What needs to be done: Records follow. Pull out every line that contains "down".

-- Extracted entries follows --

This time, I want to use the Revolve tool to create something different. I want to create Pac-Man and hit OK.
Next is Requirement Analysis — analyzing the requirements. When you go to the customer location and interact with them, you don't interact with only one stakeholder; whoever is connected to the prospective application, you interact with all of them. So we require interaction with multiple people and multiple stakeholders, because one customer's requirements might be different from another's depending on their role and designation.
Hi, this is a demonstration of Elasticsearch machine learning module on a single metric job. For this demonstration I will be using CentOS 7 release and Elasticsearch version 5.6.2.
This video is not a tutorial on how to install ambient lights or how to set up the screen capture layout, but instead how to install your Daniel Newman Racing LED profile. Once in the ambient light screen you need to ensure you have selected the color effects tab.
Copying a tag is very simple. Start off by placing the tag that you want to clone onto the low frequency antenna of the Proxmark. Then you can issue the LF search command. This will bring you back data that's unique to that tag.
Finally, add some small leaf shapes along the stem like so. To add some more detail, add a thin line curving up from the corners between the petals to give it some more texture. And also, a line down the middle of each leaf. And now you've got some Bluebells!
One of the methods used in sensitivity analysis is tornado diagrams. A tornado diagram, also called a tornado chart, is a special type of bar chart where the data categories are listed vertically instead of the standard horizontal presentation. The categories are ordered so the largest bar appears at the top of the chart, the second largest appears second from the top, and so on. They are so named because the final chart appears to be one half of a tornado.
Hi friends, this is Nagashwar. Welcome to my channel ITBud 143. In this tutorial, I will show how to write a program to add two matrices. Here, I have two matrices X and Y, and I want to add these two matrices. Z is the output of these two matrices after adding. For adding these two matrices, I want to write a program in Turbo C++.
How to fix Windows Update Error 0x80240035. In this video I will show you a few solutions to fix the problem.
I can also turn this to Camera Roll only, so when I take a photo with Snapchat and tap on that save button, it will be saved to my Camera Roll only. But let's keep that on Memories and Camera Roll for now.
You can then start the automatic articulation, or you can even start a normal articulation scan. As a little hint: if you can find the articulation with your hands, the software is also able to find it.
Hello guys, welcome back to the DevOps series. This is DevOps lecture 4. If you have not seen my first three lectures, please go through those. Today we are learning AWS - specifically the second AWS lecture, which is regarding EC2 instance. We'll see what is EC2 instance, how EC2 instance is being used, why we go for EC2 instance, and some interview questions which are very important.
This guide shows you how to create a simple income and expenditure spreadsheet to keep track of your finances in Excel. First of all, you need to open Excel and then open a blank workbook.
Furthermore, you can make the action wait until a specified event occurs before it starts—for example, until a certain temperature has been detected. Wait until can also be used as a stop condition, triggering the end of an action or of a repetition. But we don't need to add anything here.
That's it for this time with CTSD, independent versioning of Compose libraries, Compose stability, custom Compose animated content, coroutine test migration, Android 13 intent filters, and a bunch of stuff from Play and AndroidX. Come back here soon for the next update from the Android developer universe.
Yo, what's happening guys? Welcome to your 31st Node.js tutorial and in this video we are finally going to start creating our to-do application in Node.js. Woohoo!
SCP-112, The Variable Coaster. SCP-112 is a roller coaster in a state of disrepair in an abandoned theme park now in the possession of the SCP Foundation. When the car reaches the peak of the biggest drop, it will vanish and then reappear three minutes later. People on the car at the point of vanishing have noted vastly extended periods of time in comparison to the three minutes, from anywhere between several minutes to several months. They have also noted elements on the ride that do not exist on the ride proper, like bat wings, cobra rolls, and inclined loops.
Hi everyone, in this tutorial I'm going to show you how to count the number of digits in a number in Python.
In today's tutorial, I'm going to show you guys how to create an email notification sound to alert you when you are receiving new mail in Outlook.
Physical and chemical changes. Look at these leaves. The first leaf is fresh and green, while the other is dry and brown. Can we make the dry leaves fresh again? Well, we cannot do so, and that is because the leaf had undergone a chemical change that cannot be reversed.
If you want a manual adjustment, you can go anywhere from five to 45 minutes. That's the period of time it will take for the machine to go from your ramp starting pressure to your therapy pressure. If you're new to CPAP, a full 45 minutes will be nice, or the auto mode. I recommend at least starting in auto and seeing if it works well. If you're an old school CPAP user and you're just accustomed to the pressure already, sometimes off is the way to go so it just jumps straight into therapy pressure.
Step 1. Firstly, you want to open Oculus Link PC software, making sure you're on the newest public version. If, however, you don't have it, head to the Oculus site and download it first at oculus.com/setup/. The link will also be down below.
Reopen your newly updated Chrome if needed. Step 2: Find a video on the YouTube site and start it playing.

-- Extracted entries concluded --

Answer to this problem:
Finally, add some small leaf shapes along the stem like so. To add some more detail, add a thin line curving up from the corners between the petals to give it some more texture. And also, a line down the middle of each leaf. And now you've got some Bluebells!
Step 1. Firstly, you want to open Oculus Link PC software, making sure you're on the newest public version. If, however, you don't have it, head to the Oculus site and download it first at oculus.com/setup/. The link will also be down below.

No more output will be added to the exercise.